In the meanwhile I am trying to separate from demultiplexed files apart based on that primer sequence, and separate them. Is there any method to separate in the QIMME2 environment?

So, Ive not ever done this, so I have no idea about whether or not this will actually work, but I think I might try using qiime cut-adapt demux-single where the barcode you use is the primer sequence, if it’s still in your data. This should (:crossed_fingers:) let you split your files into 3 primer specific files.



Thank you for your time. Just now I got the report from my sequence provider. They said, after the PCR amplification using three primers, they have pooled all three amplicons together and then they have taken into sequencer. They did not use any separate barcodes for regions. I am left with no choice here.

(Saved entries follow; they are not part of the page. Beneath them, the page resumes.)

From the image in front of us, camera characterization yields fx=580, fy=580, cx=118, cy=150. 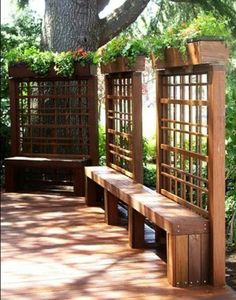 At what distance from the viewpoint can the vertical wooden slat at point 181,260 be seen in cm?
373

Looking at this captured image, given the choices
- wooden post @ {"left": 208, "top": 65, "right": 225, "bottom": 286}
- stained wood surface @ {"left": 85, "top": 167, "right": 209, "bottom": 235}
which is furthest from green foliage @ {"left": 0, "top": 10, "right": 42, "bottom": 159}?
wooden post @ {"left": 208, "top": 65, "right": 225, "bottom": 286}

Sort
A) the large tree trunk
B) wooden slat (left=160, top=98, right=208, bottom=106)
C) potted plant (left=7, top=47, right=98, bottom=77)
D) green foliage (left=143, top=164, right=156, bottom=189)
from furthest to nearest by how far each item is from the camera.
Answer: green foliage (left=143, top=164, right=156, bottom=189), the large tree trunk, potted plant (left=7, top=47, right=98, bottom=77), wooden slat (left=160, top=98, right=208, bottom=106)

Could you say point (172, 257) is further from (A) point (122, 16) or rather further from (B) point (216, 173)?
(A) point (122, 16)

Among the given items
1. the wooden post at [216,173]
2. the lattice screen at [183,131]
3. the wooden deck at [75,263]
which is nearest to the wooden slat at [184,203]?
the lattice screen at [183,131]

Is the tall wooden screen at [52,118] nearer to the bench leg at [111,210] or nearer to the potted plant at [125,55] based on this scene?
the potted plant at [125,55]

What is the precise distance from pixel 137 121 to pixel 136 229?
106 centimetres

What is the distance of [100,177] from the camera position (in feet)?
18.9

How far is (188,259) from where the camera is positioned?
3.77 m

Is it possible to align my reads with 80% identity against V1-V3 and V4-V6 region from 16srRNA databases and retrieve the mapped reads and continue with QIIME2 analysis?

Coming back to my original query: Generally what is the lowest acceptable sequence counts which can be taken for further analysis

Hi @steffi,

I think based on that, I’d trim to the same length, and then do closed reference picking against your favorite reference database. The database you choose will depend on your sample type. Silva may be better for enviromental samples; a lot of people used/are still using greengenes 13_8 for their human guts. So, one of those. At least the identifiers of your sequences may be the same. (You’re essentially doing a weird sort of mixed meta analysis.) I think I’d still align at 97 or 99 identity, so you’re getting confidence in what’s there.
This will let you use a phylogenetic metric which (:crossed_fingers:) will be more robust.
But, over all, your results are likely to be influenced by the mix of regions in the sample as much as anything.

As far as sequencing depth goes, it’s again, optimisation problem. I tend to work in the 5000-10000 seq/sample range for most of my analyses. I find 1000 to be really unstable, and too low, but 5K-10K works well for me. At your sample size, you need to keep as many high quality samples as possible, and 20K rarefaction will let you do that.


1 Like

This topic was automatically closed 31 days after the last reply. New replies are no longer allowed.